A visual example of the work Mineral is doing is the rover platform.
The rover is a four-wheeled semi-autonomous platform Mineral has developed over four years. There are multiple configurations of the machine from narrow row configurations to high clearance. The core functionality of the rover is as a data collection machine.
“Think of this as our Google Streetview car,” Grant says. “It’s not a final product. It’s a research tool.”
The rover can collect 1 million image a day to measure characteristics of plants. For example, in one 24-hour period one rover collected nearly 6 million images measuring a dozen plant traits for R&D purposes.
One company Mineral has said its partnering with in the input space is Syngenta.
Another partner in the specialty crop business has yielded multiple projects moving forward.
Driscoll’s has been a partner of Mineral to help it solve two problems: in-field harvest analysis for its berry crops and post-harvest crop condition ratings.
While harvesting strawberries and raspberries comes with challenges on assessing crop condition, a specific technology has been developed to monitor the crop in the field.
“It wasn’t just that we increased the yield harvested, the human experts got better,” says. “They got better insights on yield forecasting so they learned why the machine was making the prediction.”
Grant adds, “It may surprise some people that artificial intelligence isn’t replacing people. Rather, it’s a co-pilot to help decision making by pointing out anomalies.”
The second project illustrates how artificial intelligence is used to assess the conditions of harvested berries including color, size, bruising and more.
This application can be run on a mobile phone. It only requires a blue background and a color key card for calibration.
One focus for the team at Mineral is to make its technology easier to use in the field.
With its partners at Alphabet providing proprietary chips, Mineral is excited to accelerate the use of Edge Computing—meaning there doesn’t have to be a strong, consistent internet connection to run computer applications, collect images, make maps and make decisions.

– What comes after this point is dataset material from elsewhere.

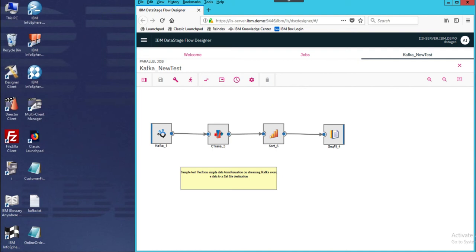Hi, this is a simple demonstration of DataStage Flow Designer using streaming data through a Kafka Connector coming in and performing simple data transformation. We are inside the DataStage Flow Designer, within a job canvas where we have built a very simple job. We have a Kafka connector, and we're going to perform a simple transformation, do a sort, and then load it into a flat file.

Grant shares how the devices have gotten smaller and smaller in the past five years.
“Something that can be held in two hands is able to provide stereo imagery, its own lighting, computing power, GPS and power management for the rover,” he says. “It’s getting lighter, cheaper and more powerful every year.”
In fact, they are working to build products for situations without connectivity.
“We shouldn’t assume high bandwidth is available,” he says. “Doing this work on The Edge for the next decade is critical.”
What about other well-known Google technologies?
When asked about geospatial, Grant says the team at Mineral benefits from the work done at its sister company Google Earth. He adds Google Earth has been an amazing tool for researchers and has moved the needle for the GIS system.
“We benefit from generating data from the Google Earth engine and built a layer translated to ag specific with field boundaries, crop types cover crops and tillage,” Grant says.
Mineral has analyzed 10% of the total farmland—which means of the 4 billion acres on Earth for farmland. 450 million acres of farmland are in the Mineral platform.
“Scale is in our DNA, and one our superpowers is scale,” Grant says.
While Google Glass has so far been taken off the shelf for the consumer market for more industrial applications, Grant doesn’t rule it out as a future platform for innovation.
“I think there’s a future in which the interaction isn’t intermediated by a phone. Perhaps it’s headworn. The computing power is there. But if it will be a face worn AR device, I don’t know. But the fundamental tech is there,” he says.
So what's Mineral's vision for the future of agriculture?
Grant says, “Five years from now, I would hope the tools we imagine, a machine learning enabled co-pilot for example, is no more remarkable than using Google Maps for navigation.”